Russia's oil and gas majors ponder switchover to ruble settlements

The falling dollar has made Russia's largest independent oil producer LUKoil ponder a switchover to ruble settlements following Gazprom, which is also considering dropping the U.S. currency.
"When your earnings are nominated in dollars and expenses in rubles, and the earnings are falling following a drop in the currency exchange rate, you have to do something about it," said Andrei Gaidamaka, head of LUKoil's investment analysis and investor relations division.
The dollar has been falling since 2003. From the Central Bank's maximum of 31.85 rubles per dollar, it has dropped by 23.4% (against the current Central Bank's rate of 24.44 rubles per dollar). Since the start of the year, the dollar has fallen by 11% against the euro.
The exchange rate difference is an acute problem for LUKoil, with exports accounting for 85% of its revenues, said Denis Borisov, an analyst at the Solid investment & financial company. Over the first nine months of 2007, LUKoil could have received $2 billion more in earnings (which amounted to $57.1 billion), considering the nominal strengthening of the ruble and discounting retail margin, Borisov said.
OPEC members have already raised the issue of a transition to euro settlements but they have not yet ventured to make this step.
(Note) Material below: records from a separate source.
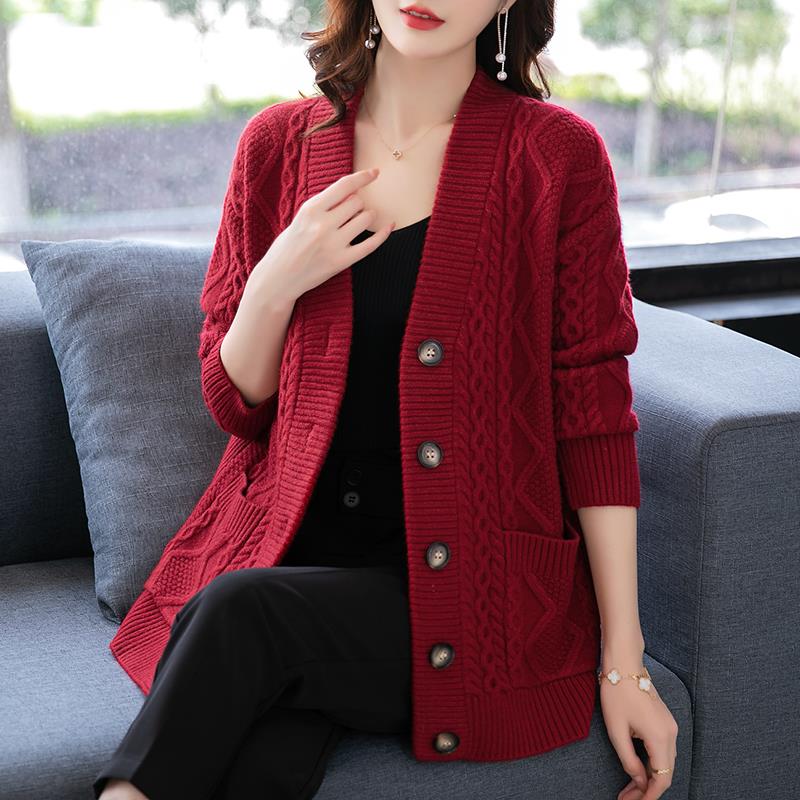 秋季新款大码毛衣外套洋气宽松外穿春装V领羊毛衫针织开衫妈妈装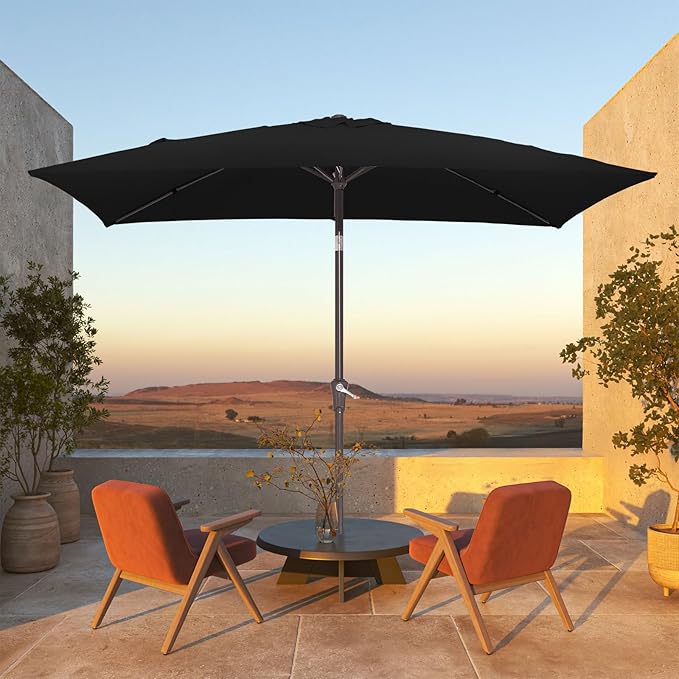 JEAREY 6.5x10 ft Rectangular Patio Umbrellas Rectangle Outdoor Umbrella - Image 2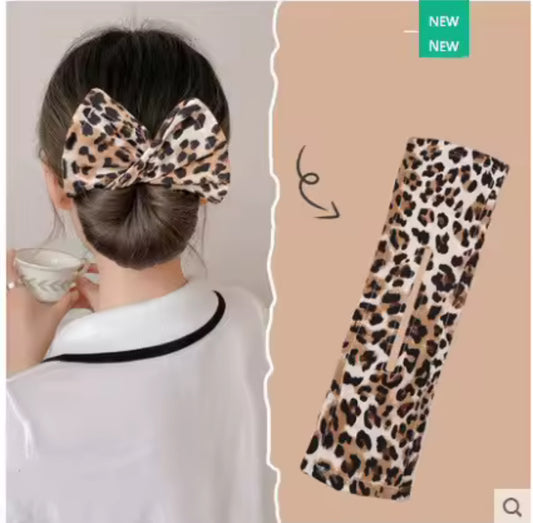 Multicolor Deft Bun Print Headband Hairpin for Women Girl Cloth Hair Circle Bun Maker Ponytail Holder Hair Accessories 1pcs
Gazprom managers have talked recently about a possible transition to ruble settlements. In early December, Alexander Medvedev, deputy chairman of Gazprom's management committee and director general of Gazprom Export, said that considering the weakening dollar, Gazprom was seriously pondering gas sales for rubles. However, no decision has been taken yet, a Gazprom spokesman said.
Russia's state-controlled oil producer Rosneft is also exploring this possibility, said a source close to Rosneft. Back in the summer, President Putin proposed that major oil and gas exporters should consider ruble settlements.
All these plans are realistic and they are, no doubt, a new Russian priority. However, according to Yaroslav Lisovolik, chief economist with Deutsche UFG, a transition to ruble settlements is unlikely before 2009.
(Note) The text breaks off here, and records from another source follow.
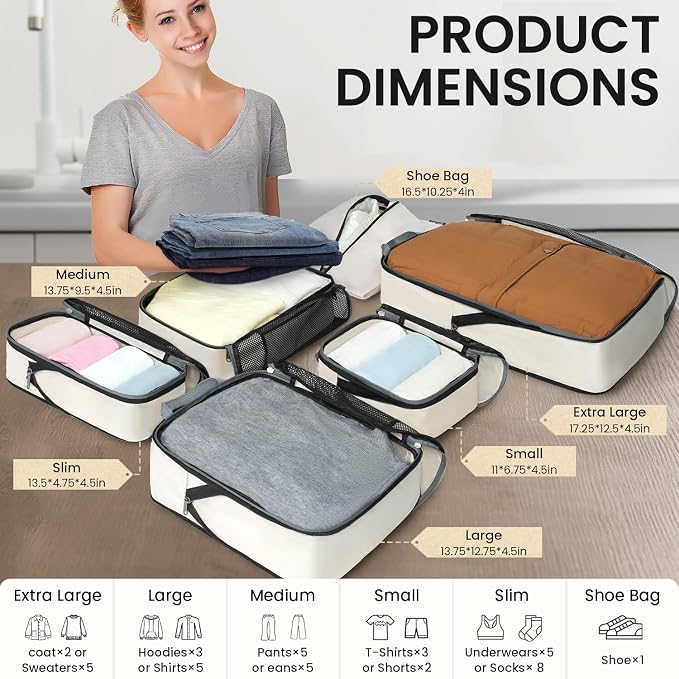 BAGAIL 4 Set/6 Set/8 Set Compression Packing Cubes Travel Accessories Expandable Packing Organizers (Half Mesh, 6-Beige) - Image 2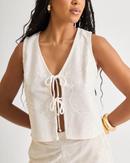 Conjunto Plumeria em Linho - Off White - detalhe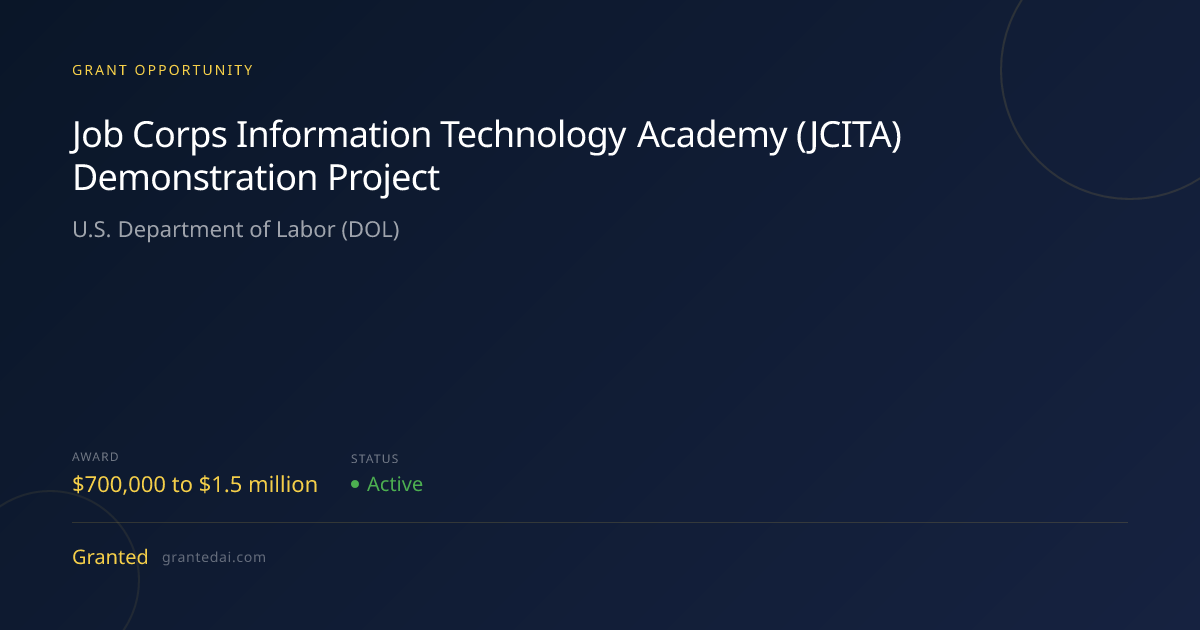 Job Corps Information Technology Academy (JCITA) Demonstration Project ...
Business & Financial Markets, Kommersant

German company delays buying into Russian pharmacy giant

German pharmaceutical wholesaler Celesio AG, which posted a turnover of 21.6 billion euros last year, has decided not to acquire a majority stake in Russia's state-owned pharmacy giant Protek, which controls distribution, retail and production chains, citing possible nationalization as the main reason.
However, market players and experts said Celesio did not want to do business with a company involved in a corruption scandal involving Protek and Russia's Mandatory Medical Insurance Fund (FOMS).
FOMS executives were charged with accepting bribes from the heads of regional branches of the fund, and pharmaceutical and other commercial companies involved in distributing medication and medical equipment under a state-run program to provide free or subsidized drugs to low-income population groups.
On August 16, Moscow's Basmanny District Court issued an arrest warrant for Vitaly Smerdov, general director of the Protek Development Center, who has been charged with bribing FOMS officials.
In mid-October, Celesio said it wanted to buy Protek's distribution, retail and production chains worth an estimated $1-1.2 billion. The company's PR director Rainer Berghausen said the initial deal would be closed in December.
But Celesio CEO Dr. Fritz Oesterle later said the German company would not sign the relevant contract in mid-December, citing uncertainty over the possible nationalization of one of Russia's three leading pharmacy giants, including Protek.
Protek Group CEO Vadim Muzyayev said he was quite surprised by this groundless statement, and that the company was suspending bilateral talks pending an inquiry.
A source said the companies were unable to agree on the contract's price and on the sale of some Protek assets.
David Melik-Guseinov, head of marketing research department at the Pharmexpert Center for Market Studies, said the German company could resume talks with Protek next year.
Last year, the state-owned company Protek, comprising Rigla, the second largest pharmacy network in Russia, and the Protek Development Center and Sotex plant, posted $2.4 billion in profits.